If a renderer uses a pattern to show the type of tree or shrub, the icons
could be closer together or farther apart depending on the density, at
least at high zoom levels. Or different fill colors could be used.
On Thu, Jan 24, 2019 at 7:52 AM Warin <61sundowner at gmail.com> wrote:

> On 24/01/19 09:12, Kevin Kenny wrote:
>
> > On Wed, Jan 23, 2019 at 4:54 PM Warin <61sundowner at gmail.com> wrote:
> >> The main OSM map renders grass, trees as solid colours, and residential
> areas too .. that is not good to me.
> > Another example of the landuse/landcover confusion. We could make an
> > argument that we need a landcover value for 'densely developed'. The
> > US National Land Cover Dataset has several values for 'developed
> > land', just as it has several values for 'forested' (based on leaf
> > cycle) and several for 'farmland' (pasture, cropland, orchard,
> > vineyard, etc.)
> >
> > It's possible, though rare, to have a residential land USE with a
> > different land COVER - consider a small cluster of private houses on a
> > densely wooded parcel.

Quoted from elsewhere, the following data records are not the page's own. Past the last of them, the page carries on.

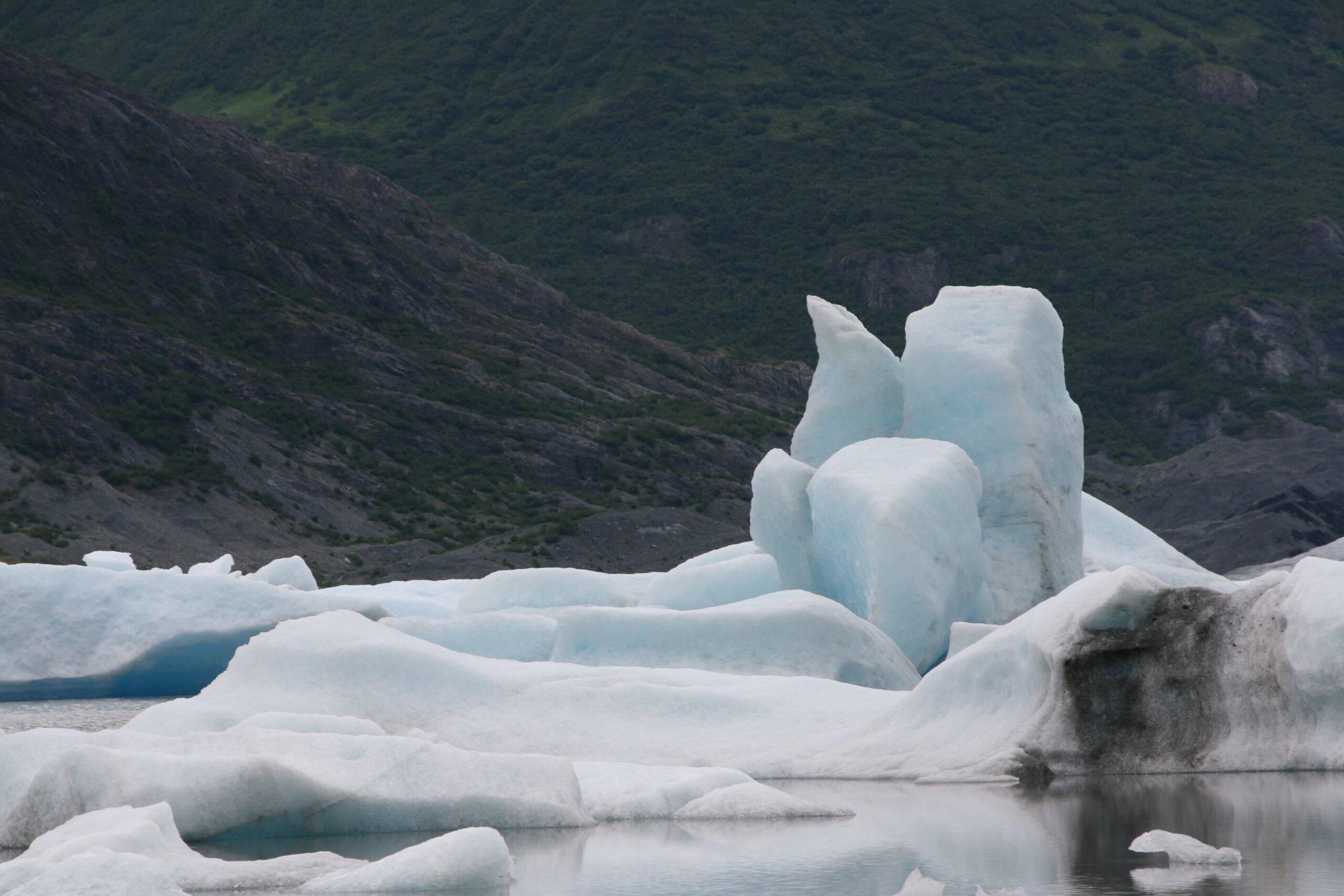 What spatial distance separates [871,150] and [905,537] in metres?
82.6

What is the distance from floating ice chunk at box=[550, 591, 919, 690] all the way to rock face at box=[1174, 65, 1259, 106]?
309ft

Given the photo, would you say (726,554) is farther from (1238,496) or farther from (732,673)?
(1238,496)

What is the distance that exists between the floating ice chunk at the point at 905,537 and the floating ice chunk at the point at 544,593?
2823 mm

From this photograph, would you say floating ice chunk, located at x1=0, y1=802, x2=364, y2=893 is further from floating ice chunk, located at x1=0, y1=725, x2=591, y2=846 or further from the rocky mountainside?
the rocky mountainside

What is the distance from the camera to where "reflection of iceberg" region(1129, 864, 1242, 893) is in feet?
20.5

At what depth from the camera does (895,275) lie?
86000mm

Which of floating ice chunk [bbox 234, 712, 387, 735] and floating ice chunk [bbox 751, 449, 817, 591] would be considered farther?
floating ice chunk [bbox 751, 449, 817, 591]

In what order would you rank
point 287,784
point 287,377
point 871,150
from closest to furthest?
point 287,784 → point 287,377 → point 871,150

I've been somewhat at a loss how to map the
> > combination, but it's just another example of the same problem: one is
> > physical and topographical, one is human and social.
> >
> Off the subject but:
>
> The density of things (houses, people, plants) is not something OSM does
> well or at all.
>
> It would be usefull to know that a scrub area is so dense that it cannot
> be walked through,
> yet another scrub area is so sparse that a fire cannot propagate without
> wind.
> Even if those can be tagged, how would they be rendered?